→ **HOW TO COMPLETE THIS TASK**
Reproduce the records below exactly, but only between the lines holding "One of the raiders" and "1450 Vía Vallarta", inclusive.

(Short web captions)

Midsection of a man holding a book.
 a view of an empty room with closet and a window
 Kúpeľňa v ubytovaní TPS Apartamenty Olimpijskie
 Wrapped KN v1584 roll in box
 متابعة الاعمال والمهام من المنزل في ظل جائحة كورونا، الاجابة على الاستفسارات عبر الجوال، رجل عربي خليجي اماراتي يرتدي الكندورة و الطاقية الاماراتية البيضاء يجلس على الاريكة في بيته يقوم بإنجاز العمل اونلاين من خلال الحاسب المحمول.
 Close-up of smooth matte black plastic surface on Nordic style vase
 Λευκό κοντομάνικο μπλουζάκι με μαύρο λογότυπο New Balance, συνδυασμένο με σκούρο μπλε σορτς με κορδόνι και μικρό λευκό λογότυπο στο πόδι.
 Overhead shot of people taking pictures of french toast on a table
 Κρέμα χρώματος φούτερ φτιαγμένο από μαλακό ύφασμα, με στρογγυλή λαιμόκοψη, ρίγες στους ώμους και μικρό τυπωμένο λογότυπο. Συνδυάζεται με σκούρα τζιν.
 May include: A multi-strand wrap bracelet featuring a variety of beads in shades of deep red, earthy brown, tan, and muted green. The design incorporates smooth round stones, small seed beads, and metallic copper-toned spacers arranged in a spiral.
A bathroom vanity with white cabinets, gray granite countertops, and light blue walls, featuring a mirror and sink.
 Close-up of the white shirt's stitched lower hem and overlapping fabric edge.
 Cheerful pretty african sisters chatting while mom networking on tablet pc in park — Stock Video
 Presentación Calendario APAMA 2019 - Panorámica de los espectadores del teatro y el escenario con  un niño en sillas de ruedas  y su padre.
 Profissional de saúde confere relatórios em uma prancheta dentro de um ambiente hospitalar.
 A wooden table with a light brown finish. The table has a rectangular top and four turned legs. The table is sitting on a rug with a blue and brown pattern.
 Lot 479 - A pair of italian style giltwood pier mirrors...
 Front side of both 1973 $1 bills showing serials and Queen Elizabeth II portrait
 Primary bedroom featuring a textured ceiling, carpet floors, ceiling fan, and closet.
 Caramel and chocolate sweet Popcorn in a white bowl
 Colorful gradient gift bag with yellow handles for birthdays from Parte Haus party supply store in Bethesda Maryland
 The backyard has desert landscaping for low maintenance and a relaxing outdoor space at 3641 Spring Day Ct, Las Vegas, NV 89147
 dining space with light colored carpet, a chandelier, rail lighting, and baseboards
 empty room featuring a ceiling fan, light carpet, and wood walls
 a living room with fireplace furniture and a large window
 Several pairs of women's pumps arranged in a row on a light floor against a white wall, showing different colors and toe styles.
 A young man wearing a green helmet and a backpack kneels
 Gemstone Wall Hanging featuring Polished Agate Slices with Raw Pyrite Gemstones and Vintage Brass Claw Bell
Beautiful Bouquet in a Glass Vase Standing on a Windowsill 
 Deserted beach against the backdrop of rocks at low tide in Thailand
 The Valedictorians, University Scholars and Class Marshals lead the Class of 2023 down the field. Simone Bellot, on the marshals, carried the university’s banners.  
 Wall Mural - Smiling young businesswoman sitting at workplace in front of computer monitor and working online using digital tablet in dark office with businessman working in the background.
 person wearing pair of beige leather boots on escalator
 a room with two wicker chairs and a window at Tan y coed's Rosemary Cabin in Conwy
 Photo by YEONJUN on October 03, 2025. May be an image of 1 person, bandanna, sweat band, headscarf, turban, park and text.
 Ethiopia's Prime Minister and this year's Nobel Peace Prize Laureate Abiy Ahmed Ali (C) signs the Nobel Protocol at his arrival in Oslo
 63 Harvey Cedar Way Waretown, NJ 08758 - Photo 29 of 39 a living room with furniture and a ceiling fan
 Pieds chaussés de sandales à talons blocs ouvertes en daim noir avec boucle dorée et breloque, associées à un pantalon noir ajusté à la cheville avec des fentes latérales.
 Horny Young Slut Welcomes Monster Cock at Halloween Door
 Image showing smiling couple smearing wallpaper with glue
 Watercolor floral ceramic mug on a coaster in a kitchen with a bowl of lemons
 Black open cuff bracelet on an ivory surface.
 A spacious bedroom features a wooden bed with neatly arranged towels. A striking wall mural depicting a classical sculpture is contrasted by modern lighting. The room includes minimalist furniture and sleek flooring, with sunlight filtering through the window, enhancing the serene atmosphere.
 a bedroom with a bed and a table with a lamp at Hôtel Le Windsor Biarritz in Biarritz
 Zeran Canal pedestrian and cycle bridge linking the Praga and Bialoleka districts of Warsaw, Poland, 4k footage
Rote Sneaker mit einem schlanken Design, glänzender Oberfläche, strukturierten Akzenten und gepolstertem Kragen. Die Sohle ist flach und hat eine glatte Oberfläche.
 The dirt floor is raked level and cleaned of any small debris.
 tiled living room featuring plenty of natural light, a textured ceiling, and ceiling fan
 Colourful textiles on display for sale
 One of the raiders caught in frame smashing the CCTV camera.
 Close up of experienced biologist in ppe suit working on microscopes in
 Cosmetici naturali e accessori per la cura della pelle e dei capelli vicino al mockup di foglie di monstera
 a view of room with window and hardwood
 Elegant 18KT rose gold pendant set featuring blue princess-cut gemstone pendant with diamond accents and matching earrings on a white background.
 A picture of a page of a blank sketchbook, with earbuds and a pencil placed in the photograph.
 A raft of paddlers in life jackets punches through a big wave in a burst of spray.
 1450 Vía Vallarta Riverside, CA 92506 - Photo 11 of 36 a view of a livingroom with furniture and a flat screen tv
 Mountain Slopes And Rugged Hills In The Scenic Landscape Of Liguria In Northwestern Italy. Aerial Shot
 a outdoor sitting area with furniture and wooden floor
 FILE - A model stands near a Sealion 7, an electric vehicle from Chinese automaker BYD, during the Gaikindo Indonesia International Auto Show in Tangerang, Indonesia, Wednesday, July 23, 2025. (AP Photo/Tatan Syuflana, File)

→ **RESULT BELOW**
 One of the raiders caught in frame smashing the CCTV camera.
 Close up of experienced biologist in ppe suit working on microscopes in
 Cosmetici naturali e accessori per la cura della pelle e dei capelli vicino al mockup di foglie di monstera
 a view of room with window and hardwood
 Elegant 18KT rose gold pendant set featuring blue princess-cut gemstone pendant with diamond accents and matching earrings on a white background.
 A picture of a page of a blank sketchbook, with earbuds and a pencil placed in the photograph.
 A raft of paddlers in life jackets punches through a big wave in a burst of spray.
 1450 Vía Vallarta Riverside, CA 92506 - Photo 11 of 36 a view of a livingroom with furniture and a flat screen tv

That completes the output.